*DIRECTIONS*: Below are the records. Gather each line that holds "Stock".

Web page caption snippets
########
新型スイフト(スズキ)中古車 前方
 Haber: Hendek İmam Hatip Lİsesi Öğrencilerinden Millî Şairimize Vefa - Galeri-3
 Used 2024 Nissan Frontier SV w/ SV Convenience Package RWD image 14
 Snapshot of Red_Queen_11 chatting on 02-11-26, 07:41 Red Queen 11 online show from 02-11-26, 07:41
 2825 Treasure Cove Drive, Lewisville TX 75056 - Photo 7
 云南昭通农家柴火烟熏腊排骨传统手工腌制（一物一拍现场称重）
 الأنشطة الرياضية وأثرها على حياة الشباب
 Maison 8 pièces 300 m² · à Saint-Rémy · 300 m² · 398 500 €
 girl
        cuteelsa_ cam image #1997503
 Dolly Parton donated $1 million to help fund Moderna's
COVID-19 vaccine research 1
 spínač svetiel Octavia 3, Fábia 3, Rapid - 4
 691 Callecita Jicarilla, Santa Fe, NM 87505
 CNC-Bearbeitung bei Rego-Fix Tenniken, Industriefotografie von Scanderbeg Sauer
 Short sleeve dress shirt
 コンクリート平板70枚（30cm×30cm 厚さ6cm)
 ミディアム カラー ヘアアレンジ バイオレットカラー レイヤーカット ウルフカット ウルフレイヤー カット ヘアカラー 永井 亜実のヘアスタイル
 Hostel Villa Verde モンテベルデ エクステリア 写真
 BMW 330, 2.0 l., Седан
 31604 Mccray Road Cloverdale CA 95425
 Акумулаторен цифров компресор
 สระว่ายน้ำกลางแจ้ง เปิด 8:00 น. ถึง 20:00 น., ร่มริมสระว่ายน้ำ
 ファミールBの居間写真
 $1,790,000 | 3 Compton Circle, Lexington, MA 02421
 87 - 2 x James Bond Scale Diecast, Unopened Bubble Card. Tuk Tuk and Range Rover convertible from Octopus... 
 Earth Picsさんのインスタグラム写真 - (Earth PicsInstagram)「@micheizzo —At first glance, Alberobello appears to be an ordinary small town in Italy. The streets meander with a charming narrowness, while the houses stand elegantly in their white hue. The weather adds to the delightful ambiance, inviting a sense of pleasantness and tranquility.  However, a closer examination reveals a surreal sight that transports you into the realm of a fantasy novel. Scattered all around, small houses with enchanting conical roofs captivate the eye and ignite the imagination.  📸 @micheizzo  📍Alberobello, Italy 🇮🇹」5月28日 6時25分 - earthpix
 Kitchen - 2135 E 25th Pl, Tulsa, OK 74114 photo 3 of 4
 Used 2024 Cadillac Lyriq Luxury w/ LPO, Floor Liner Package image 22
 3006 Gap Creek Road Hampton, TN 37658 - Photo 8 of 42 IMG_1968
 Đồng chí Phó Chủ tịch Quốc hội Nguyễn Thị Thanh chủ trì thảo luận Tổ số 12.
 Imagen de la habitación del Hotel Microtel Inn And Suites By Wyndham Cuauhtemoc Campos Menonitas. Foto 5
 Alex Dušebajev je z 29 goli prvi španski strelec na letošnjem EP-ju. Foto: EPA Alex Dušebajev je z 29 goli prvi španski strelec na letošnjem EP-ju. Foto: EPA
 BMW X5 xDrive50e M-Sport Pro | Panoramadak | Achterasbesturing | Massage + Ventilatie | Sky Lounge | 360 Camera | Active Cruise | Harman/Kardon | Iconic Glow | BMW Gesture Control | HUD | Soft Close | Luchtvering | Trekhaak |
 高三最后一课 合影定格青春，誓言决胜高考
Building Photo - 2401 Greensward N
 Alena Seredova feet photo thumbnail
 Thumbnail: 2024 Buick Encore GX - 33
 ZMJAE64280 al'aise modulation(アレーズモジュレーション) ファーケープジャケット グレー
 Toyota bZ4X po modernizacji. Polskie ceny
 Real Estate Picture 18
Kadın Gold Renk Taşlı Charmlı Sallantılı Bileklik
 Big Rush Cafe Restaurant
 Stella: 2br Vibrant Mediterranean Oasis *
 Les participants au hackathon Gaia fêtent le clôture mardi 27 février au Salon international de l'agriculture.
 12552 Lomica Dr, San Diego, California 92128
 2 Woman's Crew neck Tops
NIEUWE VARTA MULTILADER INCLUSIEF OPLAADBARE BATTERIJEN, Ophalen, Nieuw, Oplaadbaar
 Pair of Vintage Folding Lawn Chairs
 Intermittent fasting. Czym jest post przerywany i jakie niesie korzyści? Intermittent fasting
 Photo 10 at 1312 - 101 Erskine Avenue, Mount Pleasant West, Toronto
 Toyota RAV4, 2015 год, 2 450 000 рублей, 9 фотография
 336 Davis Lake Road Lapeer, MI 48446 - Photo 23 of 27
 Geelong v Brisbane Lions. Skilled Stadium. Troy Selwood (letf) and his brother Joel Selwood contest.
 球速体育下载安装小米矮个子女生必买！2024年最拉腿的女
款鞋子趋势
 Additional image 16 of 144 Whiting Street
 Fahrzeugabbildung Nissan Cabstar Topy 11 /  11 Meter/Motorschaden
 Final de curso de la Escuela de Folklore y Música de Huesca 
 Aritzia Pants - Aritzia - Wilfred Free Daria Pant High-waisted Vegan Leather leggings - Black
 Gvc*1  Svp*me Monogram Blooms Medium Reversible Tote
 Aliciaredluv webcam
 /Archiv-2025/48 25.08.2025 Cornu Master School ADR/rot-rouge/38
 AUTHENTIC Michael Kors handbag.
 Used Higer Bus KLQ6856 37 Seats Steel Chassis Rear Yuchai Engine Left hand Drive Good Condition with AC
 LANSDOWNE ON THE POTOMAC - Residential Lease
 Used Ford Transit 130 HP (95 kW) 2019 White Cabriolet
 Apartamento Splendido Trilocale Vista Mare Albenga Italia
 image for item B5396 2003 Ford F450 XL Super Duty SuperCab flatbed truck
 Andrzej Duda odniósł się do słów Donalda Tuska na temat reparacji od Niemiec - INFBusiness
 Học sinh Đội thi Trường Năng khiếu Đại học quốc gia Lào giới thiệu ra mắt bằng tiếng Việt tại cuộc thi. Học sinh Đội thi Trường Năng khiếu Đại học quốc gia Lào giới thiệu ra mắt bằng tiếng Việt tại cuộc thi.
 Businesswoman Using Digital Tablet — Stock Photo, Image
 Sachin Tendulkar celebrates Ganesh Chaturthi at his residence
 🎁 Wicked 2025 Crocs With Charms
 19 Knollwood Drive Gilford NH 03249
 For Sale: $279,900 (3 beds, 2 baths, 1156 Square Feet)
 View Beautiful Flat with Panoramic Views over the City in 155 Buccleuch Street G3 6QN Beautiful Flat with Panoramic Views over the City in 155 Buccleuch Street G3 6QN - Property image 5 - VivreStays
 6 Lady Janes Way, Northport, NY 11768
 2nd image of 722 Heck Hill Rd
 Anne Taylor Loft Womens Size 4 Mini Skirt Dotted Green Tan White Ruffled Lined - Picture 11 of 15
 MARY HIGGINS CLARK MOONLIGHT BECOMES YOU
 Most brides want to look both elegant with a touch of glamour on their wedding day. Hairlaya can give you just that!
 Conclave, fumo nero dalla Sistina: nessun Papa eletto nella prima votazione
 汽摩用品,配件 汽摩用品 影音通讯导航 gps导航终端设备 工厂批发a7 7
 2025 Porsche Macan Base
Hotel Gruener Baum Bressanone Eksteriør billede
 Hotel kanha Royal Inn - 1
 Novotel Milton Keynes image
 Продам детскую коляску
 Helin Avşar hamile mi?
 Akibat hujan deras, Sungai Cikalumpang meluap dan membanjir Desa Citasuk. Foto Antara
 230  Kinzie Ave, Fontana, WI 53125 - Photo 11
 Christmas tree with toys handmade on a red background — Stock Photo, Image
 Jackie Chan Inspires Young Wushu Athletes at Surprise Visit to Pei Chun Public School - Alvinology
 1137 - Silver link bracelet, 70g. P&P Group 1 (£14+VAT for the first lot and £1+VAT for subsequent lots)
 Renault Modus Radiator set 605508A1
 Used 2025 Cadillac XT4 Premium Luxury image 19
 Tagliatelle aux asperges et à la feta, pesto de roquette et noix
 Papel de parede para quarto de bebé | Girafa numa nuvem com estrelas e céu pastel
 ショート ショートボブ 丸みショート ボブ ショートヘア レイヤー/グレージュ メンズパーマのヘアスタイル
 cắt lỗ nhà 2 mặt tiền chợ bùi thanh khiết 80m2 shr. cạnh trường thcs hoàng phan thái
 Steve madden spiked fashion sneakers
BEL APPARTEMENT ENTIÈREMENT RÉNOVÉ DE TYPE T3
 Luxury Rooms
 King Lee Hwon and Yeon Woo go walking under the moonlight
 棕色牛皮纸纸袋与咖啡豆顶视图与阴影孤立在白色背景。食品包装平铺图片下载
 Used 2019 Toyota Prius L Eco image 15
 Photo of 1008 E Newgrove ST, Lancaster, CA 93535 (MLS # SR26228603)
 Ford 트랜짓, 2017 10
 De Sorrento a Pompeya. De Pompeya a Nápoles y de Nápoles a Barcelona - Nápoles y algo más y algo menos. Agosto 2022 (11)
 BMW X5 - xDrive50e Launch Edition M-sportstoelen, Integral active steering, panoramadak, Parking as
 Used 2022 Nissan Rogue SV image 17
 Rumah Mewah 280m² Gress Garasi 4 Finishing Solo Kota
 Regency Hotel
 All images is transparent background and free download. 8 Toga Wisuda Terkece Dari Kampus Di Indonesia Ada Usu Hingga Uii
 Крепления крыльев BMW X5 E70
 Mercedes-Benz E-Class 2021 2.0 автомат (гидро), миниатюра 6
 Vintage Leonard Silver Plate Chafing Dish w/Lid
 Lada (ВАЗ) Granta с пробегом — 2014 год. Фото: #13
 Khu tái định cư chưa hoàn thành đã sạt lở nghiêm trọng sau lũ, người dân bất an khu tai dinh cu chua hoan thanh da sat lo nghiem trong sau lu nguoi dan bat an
########
*WRITTEN ANSWER*:
 Businesswoman Using Digital Tablet — Stock Photo, Image
 Christmas tree with toys handmade on a red background — Stock Photo, Image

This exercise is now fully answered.